WHAT THE EXERCISE ASKS: Write again exactly the lines in the listing below, starting at the line with "Ak Riesengebirge Blick" and ending at the line with "طبق فواكه نحاسي", both included. Pictures are not copied.

AVAILABLE RECORDS:
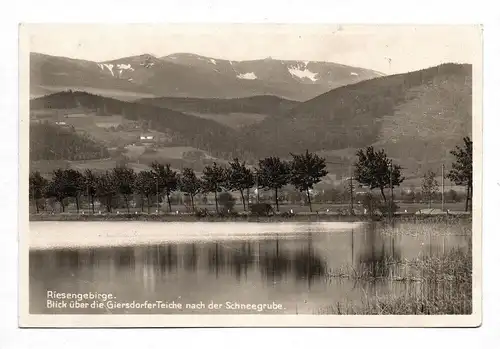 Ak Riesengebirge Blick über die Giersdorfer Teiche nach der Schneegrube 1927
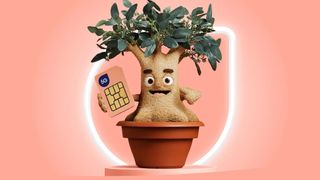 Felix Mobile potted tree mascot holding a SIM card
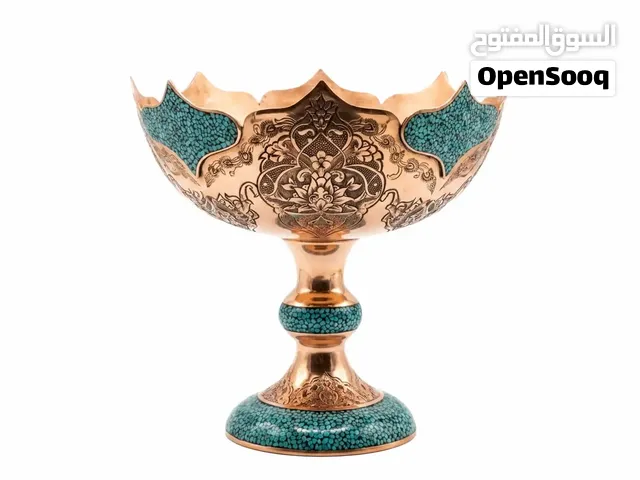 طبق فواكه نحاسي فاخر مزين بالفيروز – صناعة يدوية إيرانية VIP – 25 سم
* * *
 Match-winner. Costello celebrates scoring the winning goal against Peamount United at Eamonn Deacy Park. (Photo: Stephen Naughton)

RESPONSE BOX:
 Ak Riesengebirge Blick über die Giersdorfer Teiche nach der Schneegrube 1927
 Felix Mobile potted tree mascot holding a SIM card
 طبق فواكه نحاسي فاخر مزين بالفيروز – صناعة يدوية إيرانية VIP – 25 سم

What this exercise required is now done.